Y, entonces, como si la atracción hubiera roto cualquier resistencia, Theo dio un paso más, dejando sus dedos roces suavemente sobre la piel de su brazo, haciendo que un escalofrío recorriera su cuerpo.

—Isabel... —susurró, su voz más suave ahora, acercándose lo suficiente para que la piel de su rostro casi se rozara. —¿Realmente no sientes nada?

Isabel cerró los ojos por un momento, luchando contra lo que quería, contra lo que sabía que debía hacer. Pero cuando los abrió de nuevo, sus labios se separaron en una sonrisa vacilante.

—No es el momento, Theo —respondió, con voz entrecortada, aunque sus ojos brillaban con una mezcla de deseo y duda. —Tengo que... pensar.

Theo se quedó quieto frente a ella, observándola con una expresión de comprensión silenciosa, pero la tensión entre ellos seguía palpable. Él dio un paso atrás, como si la decisión de ella no lo sorprendiera, pero sus ojos seguían fijos en los de Isabel.

—Lo que quieras, Isabel. Lo que quieras —dijo, casi en un murmullo, antes de girarse y alejarse sin prisa, dejándola con una sensación de vacío y, al mismo tiempo, de anticipación.

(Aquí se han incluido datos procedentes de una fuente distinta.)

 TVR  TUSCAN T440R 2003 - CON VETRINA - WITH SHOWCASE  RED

Isabel se quedó allí, mirando su figura desvanecerse en la distancia, como si todo lo que acababa de ocurrir fuera solo un sueño más, algo que no estaba dispuesta a enfrentar. El viento acarició su rostro, pero no logró despejar la maraña de emociones que seguía en su interior.

Se apoyó contra la barandilla del porche, mirando el horizonte, sin saber exactamente qué hacer con lo que acababa de suceder.

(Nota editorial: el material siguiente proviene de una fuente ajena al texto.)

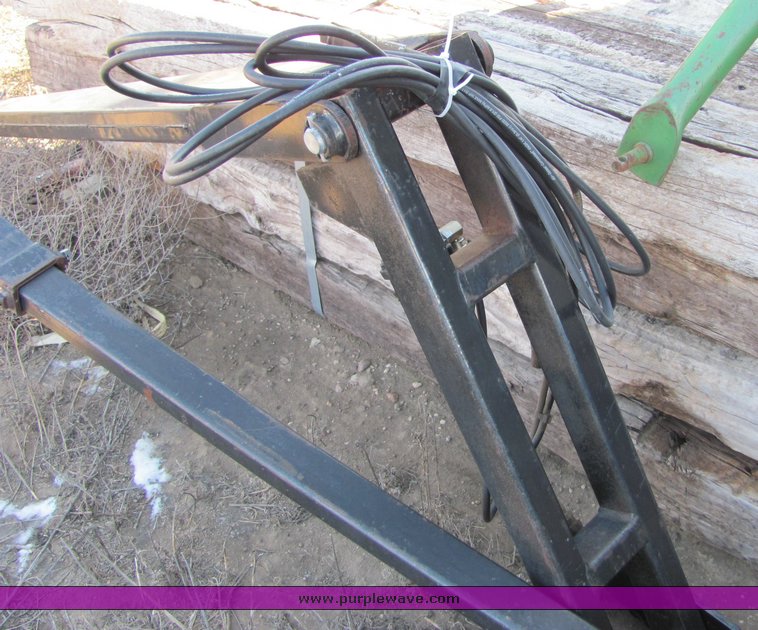 image for item 3008 Bigham Brothers 32' strip till bar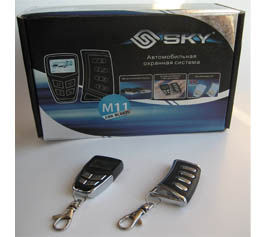 Автосигнализация  SKY  M11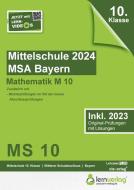 Original-Prüfungen Mittelschule Bayern 2024 M10 Mathematik edito da lern.de Bildungsges.mbH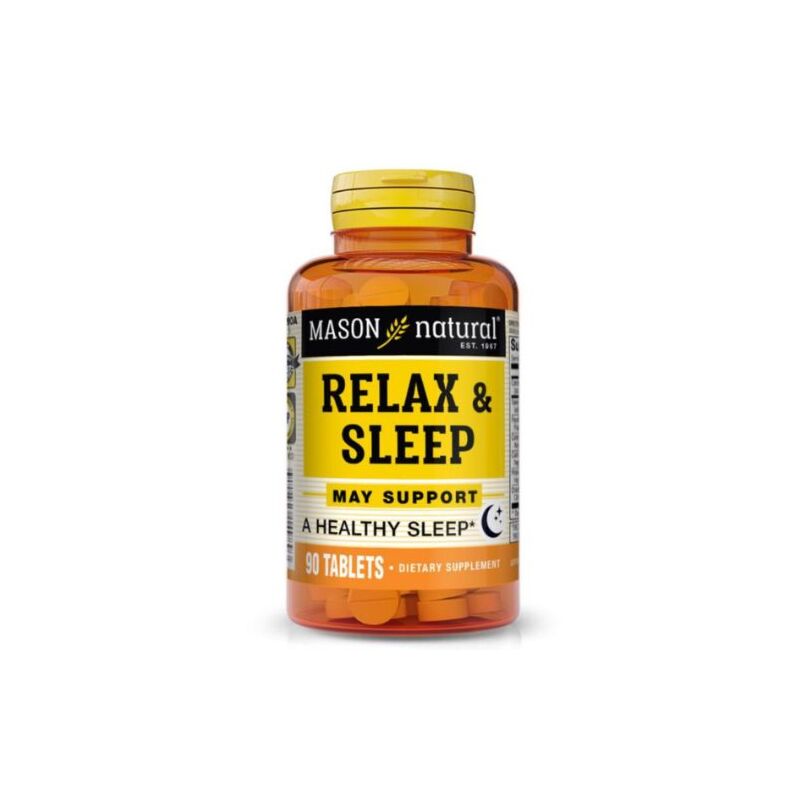 MASON NATURAL - RELAX AND SLEEP 90 COMPRIMES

El día comenzaba a apagarse lentamente, y ella, una vez más, se encontraba atrapada en la misma disyuntiva: huir de lo que sentía, o abrazar lo que estaba sucediendo, aunque todo parecía una tormenta a punto de estallar.

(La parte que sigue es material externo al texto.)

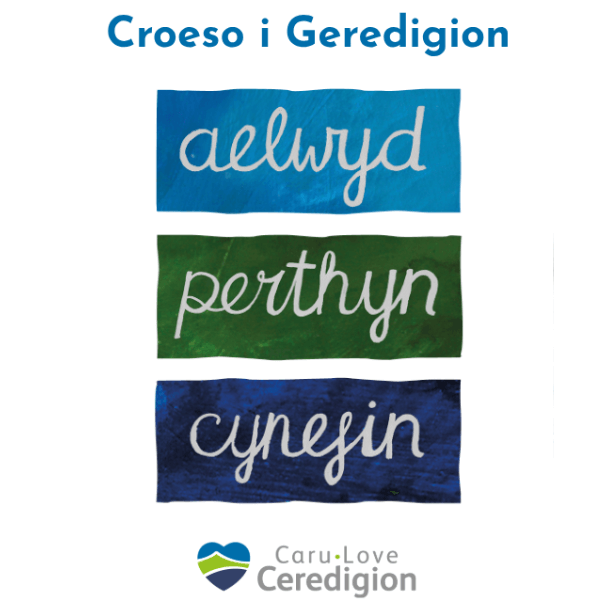 Croeso i Geredigion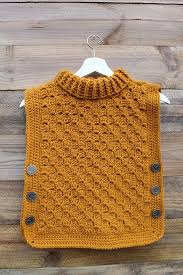 Anlatimli Orgu Bebek Yelegi Salvabrani Marecipe Baby Sweater Patterns Kids Poncho Crochet Poncho Patterns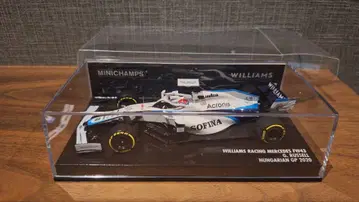 미니 챔피언스 윌리엄스 FW43 조지 러셀 PMA 1/43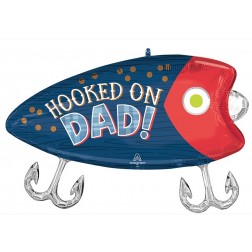 SuperShape Hooked on Dad Lure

A la mañana siguiente, Isabel despertó con la sensación de que algo dentro de ella había cambiado. La cercanía de Theo, su toque, su presencia... todo parecía haberla marcado de manera indeleble. Y aunque intentó ignorarlo, el eco de su voz seguía resonando en su mente.

Decidió salir al bosque por la tarde, como una forma de despejar su mente. Sin embargo, algo en el aire, algo que no podía identificar, la hizo sentir que no estaba sola. De nuevo, el pasado parecía acecharla, y el destino, tal vez, la estaba empujando hacia algo que no podía evitar.